Le texte sépare clairement les mots « juifs » et « peuple ». Ce n’est certainement pas un hasard : le Tanakh n’est pas un récit aléatoire, mais un langage structuré avec précision.
Ainsi, Israël représente la nation, la collectivité, l’unité.
Le terme « juif », lui, semble plus individuel.
Il nous apparait que le danger évident est de confondre l’un avec l’autre, de les « vider » de leur puissante substance première respective.
- La nomination : fondement de la paix
Dans Béréchit 2,20, le Texte nous apprend que Hachem a laissé Adam nommer les animaux. Ce verset — le 51ᵉ de la Torah, même position que le verset d’Ester ramené plus haut qui était lui aussi en 51ᵉ position dans son lieu — souligne l’importance de nommer avec justesse. Et nommer justement les choses commence dans la « tête ».

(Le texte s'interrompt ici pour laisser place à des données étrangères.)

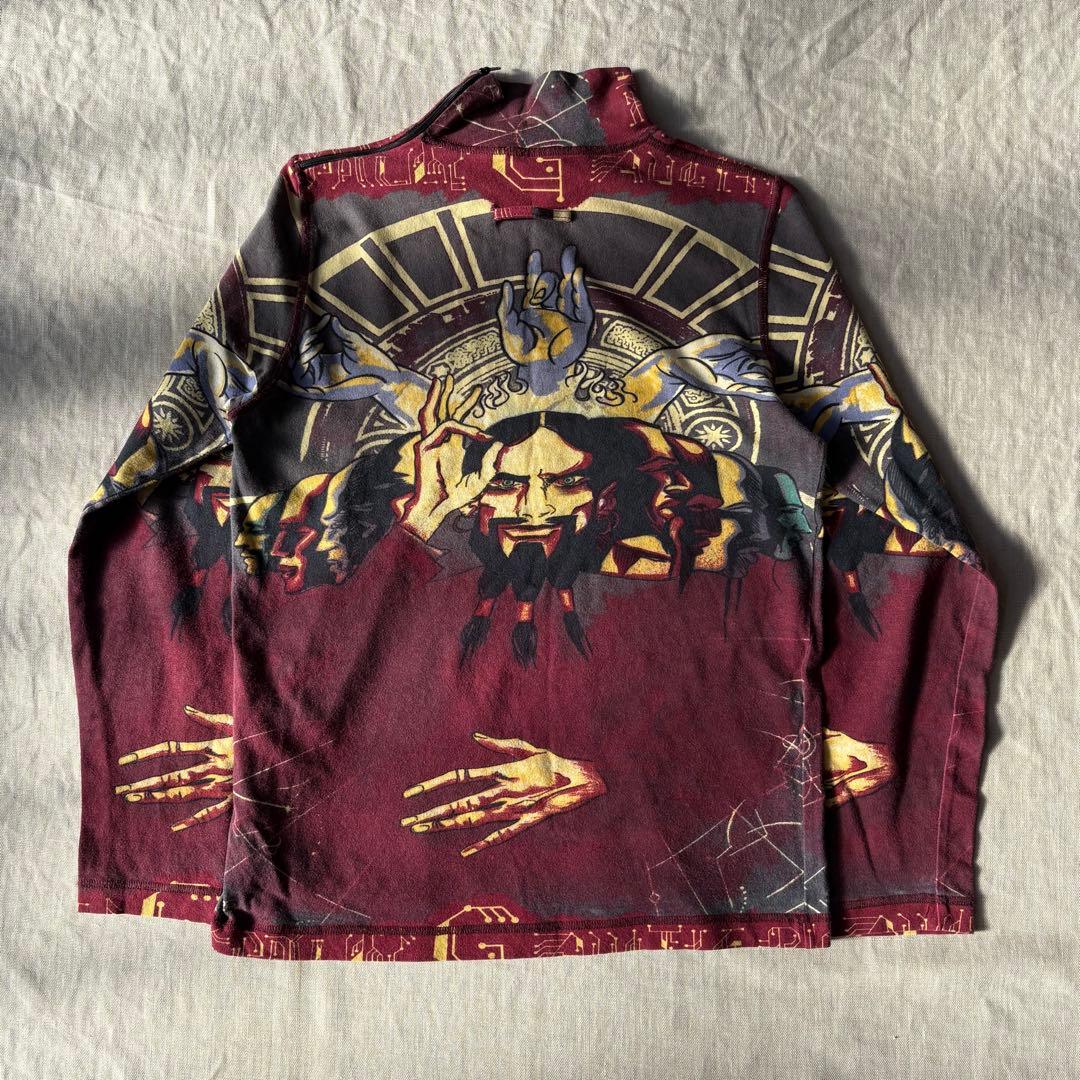 Jean Paul Gaultier ジャンポールゴルチエ 総柄 ロングTシャツ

C’est certainement également dans cet esprit que l’on peut interpréter ce que le roi David (ע״ה) écrit dans les Tehilim (Psaumes), 119,160 :
« ראש דברך אמת » (Roch devarékha emet) — La tête de Ta parole est vérité.

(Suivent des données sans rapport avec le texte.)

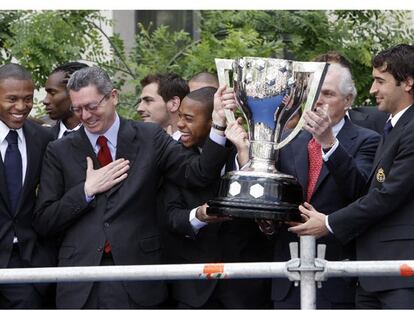 Alberto Ruiz-Gallardón con el Real Madrid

Or, les initiales sont, en hébreu, appelées rachei teivot (ראשי תיבות), ce qui signifie littéralement : « têtes des mots ». Ce terme même nous enseigne que le commencement d’un mot, son impulsion première, n’est pas anodine. Elle est comparable à la tête de l’être humain, qui oriente, perçoit, réfléchit, et décide.
Or, les initiales des mots relatifs à la première parole d’Adam — celle rapportée dans le verset Béréchit 2:20 (même si le texte ne nous en donne pas le contenu explicite) — nous révèlent un fait saisissant : leur valeur numérique est 376.

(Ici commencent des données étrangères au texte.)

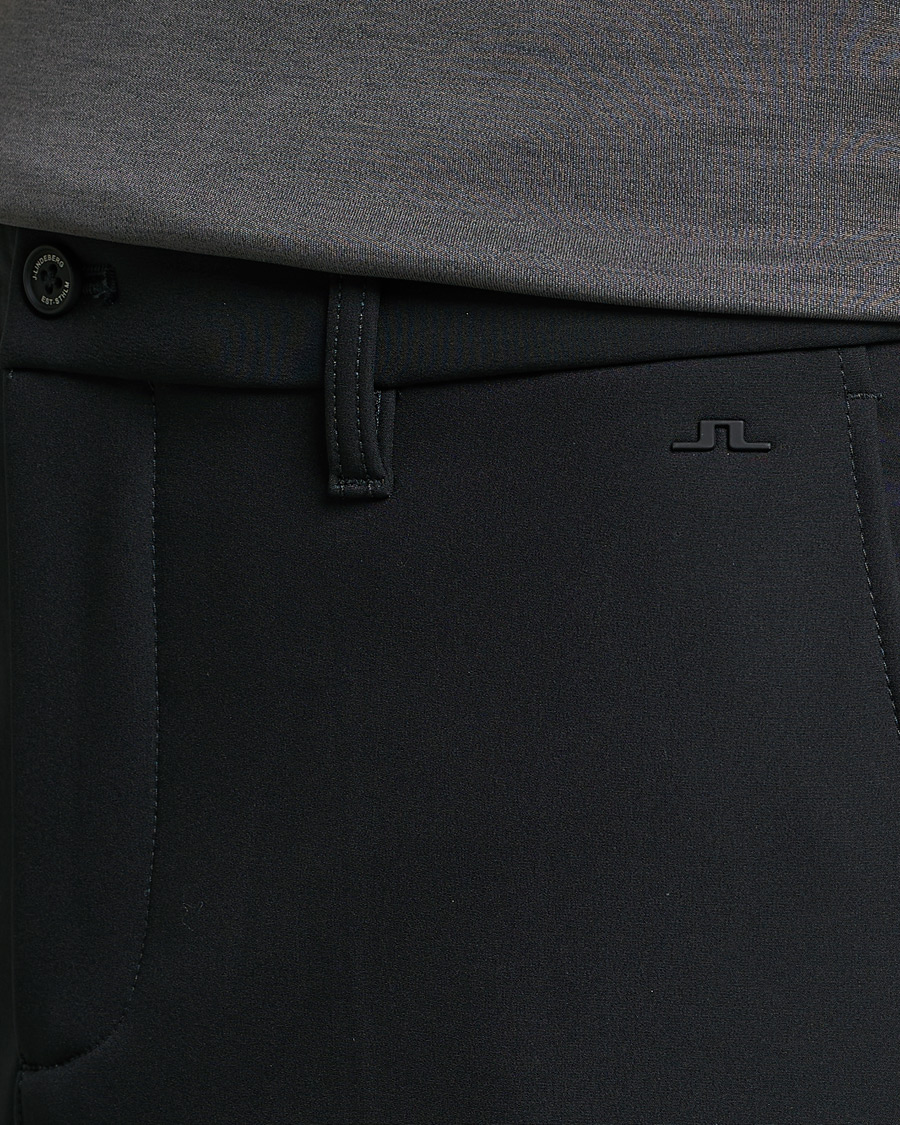 Men | Trousers | J.Lindeberg | Ellot Bonded Fleece Pants Black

Et 376, c’est précisément la guématria du mot שלוֹם — Chalom, qui signifie paix, intégrité, complétude.
« ויקרא האדם שמות לכל הבהמה ולעוף השמים ולכל חית השדה » « Il appela le Adam (l’homme) les noms de tout le bétail, et l’oiseau des cieux et tout animal du champ ».
Une preuve forte : bien nommer les choses mène à la paix, à la complétude. Et ça comme par la « tête » !
ה | ח | ו | ה | ו | ה | ל | ש | ה | ו |
5 | 8 | 6 | 5 | 6 | 5 | 30 | 300 | 5 | 6 |
Les Sages nous enseignent que les noms révèlent l’essence des choses et que nommer, c’est activer, ordonner, rendre vivant, à l’image d’Adam qui, en appellant (ויקרא) les créatures, les « activent ».
Mal nommer, au contraire, désoriente, égare, déstructure.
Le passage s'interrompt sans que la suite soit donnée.